Blutiger Amoklauf in Finnland: 43-Jähriger rastet aus und erschießt fünf Menschen
- Auch Ex-Frau des Amokläufers unter Todesopfern
- Sechste Leiche gefunden: Täter begeht Selbstmord

Eine Bluttat mit insgesamt sechs Toten hat an Silvester Finnland in einen Schockzustand versetzt. Ein 43-jähriger Mann erschoss in der Stadt Espoo seine Exfreundin und vier ihrer Kollegen in einem Supermarkt eines großen Einkaufszentrums. Danach floh er nach Polizeiangaben in seine Wohnung, wo er die Waffe gegen sich selbst richtete.
Die finnische Staatspräsidentin Tarja Halonen und Ministerpräsident Matti Vanhanen sprachen den Angehörigen der Opfer ihr Beileid aus. Vanhanen kündigte eine gründliche Untersuchung an und sagte, das besondere Augenmerk werde dabei der Frage gelten, wie der Täter an die Schusswaffe gekommen sei. Die Stadt Espoo sagte ein Silvesterkonzert ab.
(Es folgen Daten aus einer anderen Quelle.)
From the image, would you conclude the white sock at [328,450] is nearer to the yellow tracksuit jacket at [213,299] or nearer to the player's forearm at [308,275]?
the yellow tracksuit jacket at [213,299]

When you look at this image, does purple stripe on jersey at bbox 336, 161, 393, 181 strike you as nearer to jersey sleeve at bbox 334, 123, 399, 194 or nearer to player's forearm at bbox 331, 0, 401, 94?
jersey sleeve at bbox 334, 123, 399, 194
Die blutige Spur führte in eine Wohnung
Die blutige Spur führte in eine Wohnung, wo der Täter namens Ibrahim Shkupolli seine ehemalige Freundin erschoss. Ob die Exfreundin sein erstes Opfer wurde, war zunächst unklar. In dem nahe gelegen Einkaufszentrum Sello erschoss der schwarz gekleidete Mann nach Polizeiangaben vier Angestellte, drei Männer und eine Frau.
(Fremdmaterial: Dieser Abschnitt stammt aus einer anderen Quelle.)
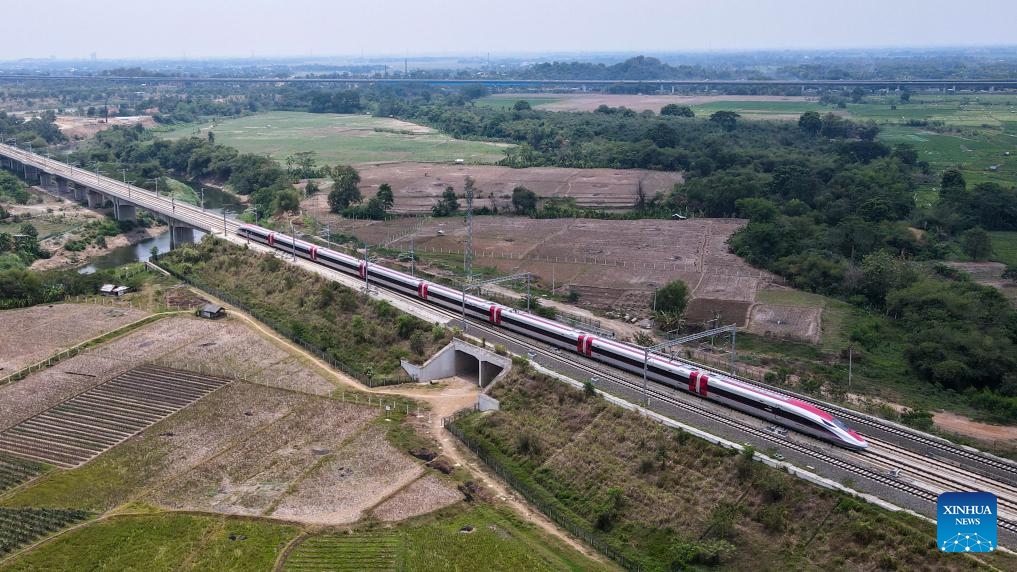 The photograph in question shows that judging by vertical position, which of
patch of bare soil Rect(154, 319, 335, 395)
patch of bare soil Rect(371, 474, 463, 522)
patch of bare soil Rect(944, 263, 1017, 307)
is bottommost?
patch of bare soil Rect(371, 474, 463, 522)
"Viele Leute schrien, und viele Verkäufer waren völlig in Panik", sagte eine Augenzeugin im Rundfunk. "Niemand wusste, was los war." Ein Polizeisprecher sagte, während der Tat seien "viele hundert Menschen" in dem Einkaufszentrum in der zweitgrößten finnischen Stadt gewesen. Das 2005 eröffnete Einkaufszentrum Sello ist mit mehr als 170 Läden eines der größten in Skandinavien. Espoo liegt zehn Kilometer westlich von Helsinki.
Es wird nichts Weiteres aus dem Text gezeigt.